_WORK INSTRUCTIONS_
For this exercise, retype the lines from the one that holds "<p>Scapula </p>" through the one that holds "Ülke hayvancılığına çifte" in the records below, both included, exactly and without pictures.

_INPUT DATA_
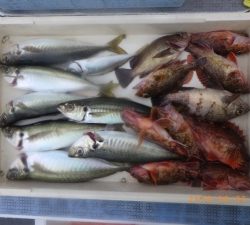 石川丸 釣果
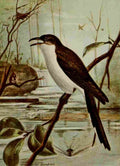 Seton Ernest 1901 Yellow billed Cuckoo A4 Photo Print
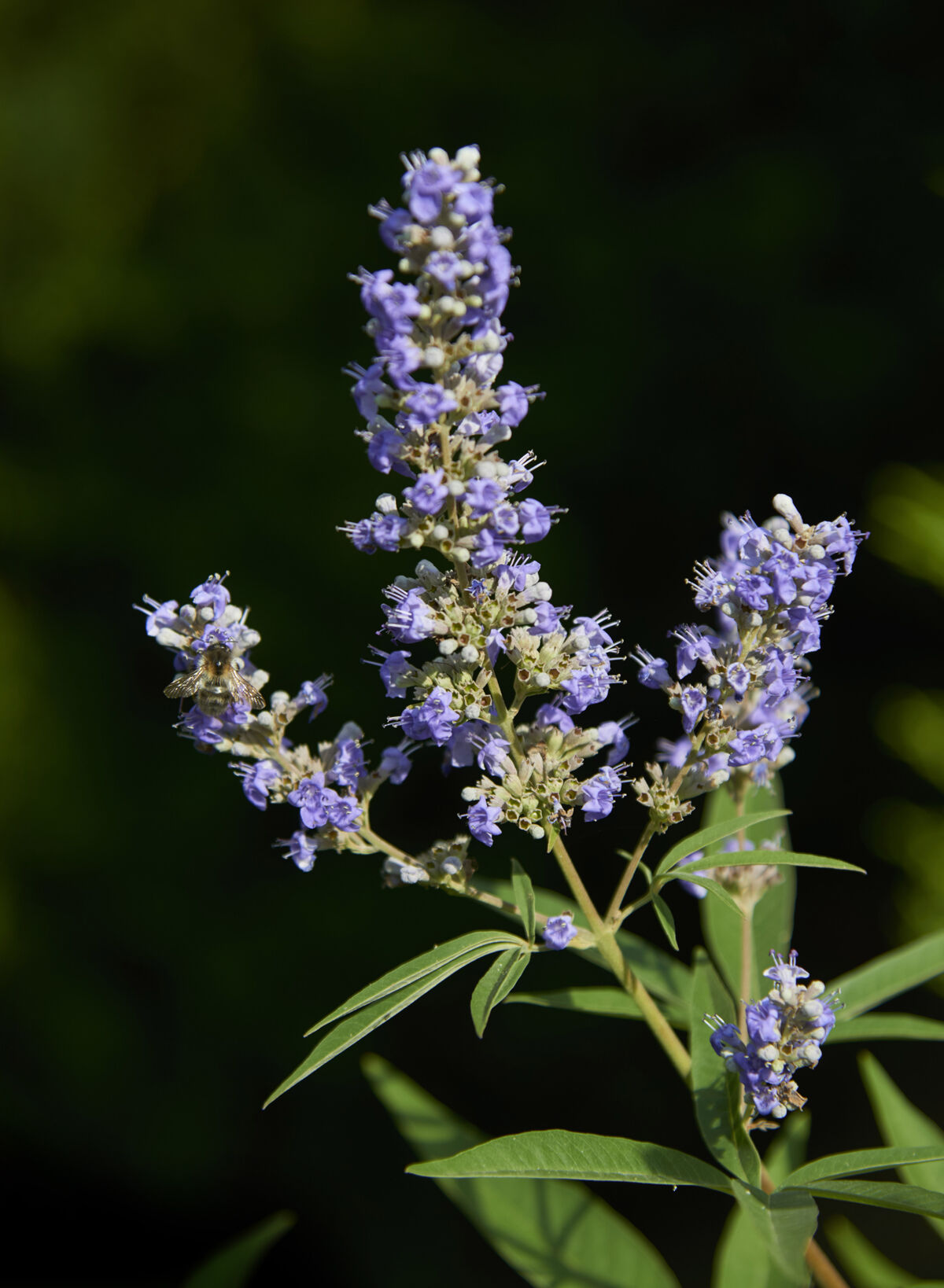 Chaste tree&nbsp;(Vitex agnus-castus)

...

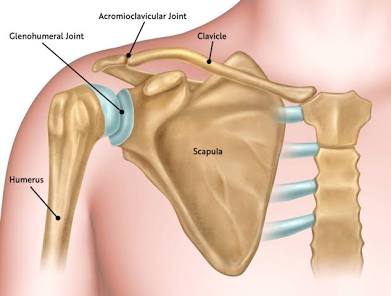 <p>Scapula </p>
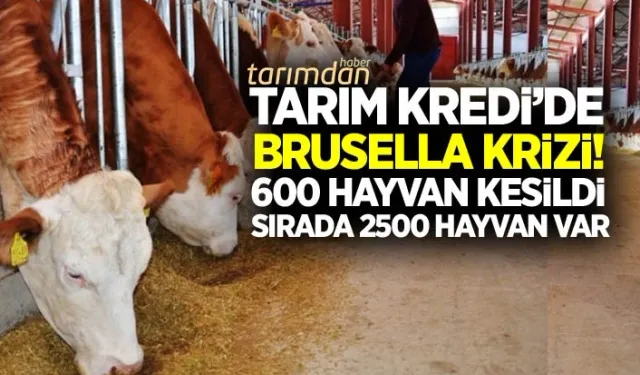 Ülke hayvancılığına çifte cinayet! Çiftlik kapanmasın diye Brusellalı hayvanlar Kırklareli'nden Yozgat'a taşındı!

_OUTPUT FOR THIS EXERCISE_
 <p>Scapula </p>
 Ülke hayvancılığına çifte cinayet! Çiftlik kapanmasın diye Brusellalı hayvanlar Kırklareli'nden Yozgat'a taşındı!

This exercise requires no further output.